Auf der Bühne: Monika Kleebauer und Miriam Grimm. Zwei Frauen, zwei Körper, zwei Leben – und zugleich Repräsentantinnen vieler Stimmen. Denn das Stück entstand aus einer intensiven Recherche, bei der Frauen unterschiedlichster Hintergründe zum Thema „Älterwerden“ befragt wurden. „Sie haben uns ihre Geschichten geschenkt“, sagte Miriam Grimm. Die Erfahrungen, Gedanken und Gefühle der Frauen flossen in das Stück ein – teils dokumentarisch, teils künstlerisch verdichtet. Und auch die Meinungen der rund 150 Zuschauer*innen zum Älterwerden banden die Schauspielerinnen in die Aufführung mit ein.
Miriam Grimm und Monika Kleebauer erzählten mit „Zwei Frauen falten sich“ keine klassische Geschichte, sondern thematisierten gesellschaftliche Erwartungen, Altersarmut, Körperbilder und gesundheitliche Probleme, die das Alter bzw. Älterwerden mit sich bringen. Dazu gehörten – natürlich – die Falten, die besungen wurden, ebenso wie Vergesslichkeit und Demenz. Oder die Oberarme, „der Seismograph des Alters“. Aber auch vor Tabu-Themen wie Inkontinenz, Wechseljahre, Sexualität und Lust im Alter machten sie nicht halt.

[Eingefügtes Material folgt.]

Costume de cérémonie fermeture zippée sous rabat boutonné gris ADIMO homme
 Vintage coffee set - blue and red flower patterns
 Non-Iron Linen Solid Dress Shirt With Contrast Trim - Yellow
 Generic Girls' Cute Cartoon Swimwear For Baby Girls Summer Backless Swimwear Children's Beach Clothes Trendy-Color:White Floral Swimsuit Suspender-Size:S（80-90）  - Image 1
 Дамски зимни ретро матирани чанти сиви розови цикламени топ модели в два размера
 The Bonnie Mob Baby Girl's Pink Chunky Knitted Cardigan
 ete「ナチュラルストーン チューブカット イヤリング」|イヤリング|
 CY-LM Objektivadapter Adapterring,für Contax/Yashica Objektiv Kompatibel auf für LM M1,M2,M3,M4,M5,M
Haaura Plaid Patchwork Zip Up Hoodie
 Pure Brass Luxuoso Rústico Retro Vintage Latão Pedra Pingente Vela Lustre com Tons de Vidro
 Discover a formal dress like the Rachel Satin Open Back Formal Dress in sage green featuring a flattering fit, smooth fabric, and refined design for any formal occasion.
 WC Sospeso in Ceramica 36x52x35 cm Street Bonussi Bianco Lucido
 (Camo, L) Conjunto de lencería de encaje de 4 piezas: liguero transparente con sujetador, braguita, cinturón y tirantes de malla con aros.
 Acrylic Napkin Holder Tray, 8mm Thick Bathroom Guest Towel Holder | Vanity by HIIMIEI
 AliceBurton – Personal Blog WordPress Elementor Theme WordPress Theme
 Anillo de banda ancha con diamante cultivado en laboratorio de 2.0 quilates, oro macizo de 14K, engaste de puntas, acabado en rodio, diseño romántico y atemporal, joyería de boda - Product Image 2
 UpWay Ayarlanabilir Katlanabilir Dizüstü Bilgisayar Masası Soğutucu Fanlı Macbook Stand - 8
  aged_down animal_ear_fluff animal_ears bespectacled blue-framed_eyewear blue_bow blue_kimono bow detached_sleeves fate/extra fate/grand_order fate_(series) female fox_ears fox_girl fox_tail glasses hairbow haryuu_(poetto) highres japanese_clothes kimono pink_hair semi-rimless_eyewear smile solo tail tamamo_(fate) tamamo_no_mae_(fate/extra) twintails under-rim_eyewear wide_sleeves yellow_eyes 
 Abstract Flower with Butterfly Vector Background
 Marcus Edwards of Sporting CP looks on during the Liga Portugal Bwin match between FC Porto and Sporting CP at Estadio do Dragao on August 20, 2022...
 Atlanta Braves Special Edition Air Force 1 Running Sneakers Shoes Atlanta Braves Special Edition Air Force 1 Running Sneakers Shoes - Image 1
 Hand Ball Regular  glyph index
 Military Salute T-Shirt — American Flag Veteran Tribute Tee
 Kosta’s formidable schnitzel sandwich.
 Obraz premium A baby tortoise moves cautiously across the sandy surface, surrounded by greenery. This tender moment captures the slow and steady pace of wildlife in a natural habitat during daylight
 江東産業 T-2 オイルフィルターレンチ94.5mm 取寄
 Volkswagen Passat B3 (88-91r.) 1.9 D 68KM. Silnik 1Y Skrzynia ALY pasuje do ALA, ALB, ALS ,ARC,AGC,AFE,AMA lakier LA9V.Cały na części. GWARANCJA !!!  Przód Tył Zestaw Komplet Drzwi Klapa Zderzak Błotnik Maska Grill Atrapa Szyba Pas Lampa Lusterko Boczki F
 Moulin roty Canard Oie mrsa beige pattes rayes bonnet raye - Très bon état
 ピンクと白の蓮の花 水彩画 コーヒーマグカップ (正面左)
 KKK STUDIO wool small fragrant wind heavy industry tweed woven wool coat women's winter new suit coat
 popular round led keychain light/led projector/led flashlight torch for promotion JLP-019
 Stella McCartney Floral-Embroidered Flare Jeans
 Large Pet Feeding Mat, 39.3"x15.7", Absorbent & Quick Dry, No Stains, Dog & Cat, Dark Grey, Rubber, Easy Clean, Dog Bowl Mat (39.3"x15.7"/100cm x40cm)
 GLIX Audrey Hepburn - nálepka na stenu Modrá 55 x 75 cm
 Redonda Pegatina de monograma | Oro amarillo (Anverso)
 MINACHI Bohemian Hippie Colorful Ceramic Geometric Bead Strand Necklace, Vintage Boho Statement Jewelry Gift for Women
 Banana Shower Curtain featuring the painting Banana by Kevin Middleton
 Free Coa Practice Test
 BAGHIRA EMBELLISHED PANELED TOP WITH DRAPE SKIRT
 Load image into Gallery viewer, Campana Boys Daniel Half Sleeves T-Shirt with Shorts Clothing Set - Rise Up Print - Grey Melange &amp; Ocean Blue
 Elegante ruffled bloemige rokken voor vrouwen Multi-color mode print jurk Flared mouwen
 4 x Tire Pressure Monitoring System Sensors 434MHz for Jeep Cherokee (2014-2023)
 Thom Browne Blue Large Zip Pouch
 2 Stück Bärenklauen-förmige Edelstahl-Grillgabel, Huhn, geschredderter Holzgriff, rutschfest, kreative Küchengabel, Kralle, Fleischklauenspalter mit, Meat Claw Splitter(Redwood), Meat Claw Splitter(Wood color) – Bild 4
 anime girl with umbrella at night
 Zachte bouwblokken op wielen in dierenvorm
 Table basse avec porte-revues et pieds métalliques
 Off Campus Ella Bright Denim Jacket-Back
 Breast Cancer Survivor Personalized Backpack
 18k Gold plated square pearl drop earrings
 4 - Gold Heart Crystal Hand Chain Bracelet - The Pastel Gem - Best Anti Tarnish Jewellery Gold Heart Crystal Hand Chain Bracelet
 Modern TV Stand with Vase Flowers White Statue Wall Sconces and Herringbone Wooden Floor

Dies machten Grimm und Kleebauer mal herrlich sarkastisch, mal berührend leise und nachdenklich und – trotz der Tiefe des Themas – auch mit viel Humor und Augenzwinkern. Immer wieder blitzte Ironie auf, entstand Situationskomik, die das Publikum zum Schmunzeln brachte. Die Darstellerinnen bewegten sich zwischen choreografierten Szenen und offenen Momenten; Improvisation traf auf präzise gesetzte Passagen.
Das Stück lebte von seinem Rhythmus: Mal temporeich im Schlagabtausch, mal voller Lebenslust beim Tanzen, mal still und brüchig in Momenten des Erinnerns. Die Falten, von denen der Titel spricht, waren dabei nicht nur äußere Zeichen des Älterwerdens, sondern auch Metaphern für gelebtes Leben, gebrochene Erwartungen und gereifte Einsichten. Das minimalistische Bühnenbild ließ viel Raum für die Fantasie des Publikums.
Bei allen Beschwernissen und Problemen, die das Alter(n) so mit sich bringen mag, stand am Ende dann doch eine versöhnliche Botschaft: Lebe deinen eigenen Traum, was die Schauspielerinnen singend und tanzend mit „Du bist die Dancing Queen … immer bereit zu fliegen“ zum Ausdruck brachten.
Die Veranstaltung fand in Kooperation mit der Landeszentrale für politische Bildung Rheinland-Pfalz und dem Heinrich Pesch Haus statt. „In die gesellschaftliche Debatte über Generationenbeziehungen gehört das Thema Geschlecht unbedingt hinein. Denn nicht nur jede Generation hat spezifische, sich verändernde Bedarfe, sondern auch Frauen und Männer durchleben unterschiedliche Phasen und sind von strukturellen Gegebenheiten betroffen, die besondere Berücksichtigung erfahren sollten. Langsam wird dies auch für die Politik zum Thema. Das Chawwerusch-Theater hat ein extrem feines Gespür für solch gesellschaftlich relevante Themen und hat sich auch mit diesem Thema – Frauen und Alter(n) – wieder einmal mit vollem Körpereinsatz in die Debatte eingebracht“, sagte Dr. Sarah Scholl-Schneider, stellvertretende Direktorin der Landeszentrale.
„Denn Beginn und Dauer des Alters sind keine festen Größen – sie hängen von historisch wandelbaren, soziokulturellen Faktoren ab und unterliegen individuellen wie gesellschaftlichen Bewertungen, physiologisch wie psychologisch. Doch immer mehr Frauen nutzen diese Lebensphase, um gesellschaftliche Normen zu hinterfragen und sich neue Freiräume zu schaffen. Diese Themen wurden künstlerisch facettenreich vom Chawwerusch-Theater gestaltet – und fanden ein begeistertes Publikum“, fasst Ulrike Gentner, Direktorin für Bildung im HPH, zusammen.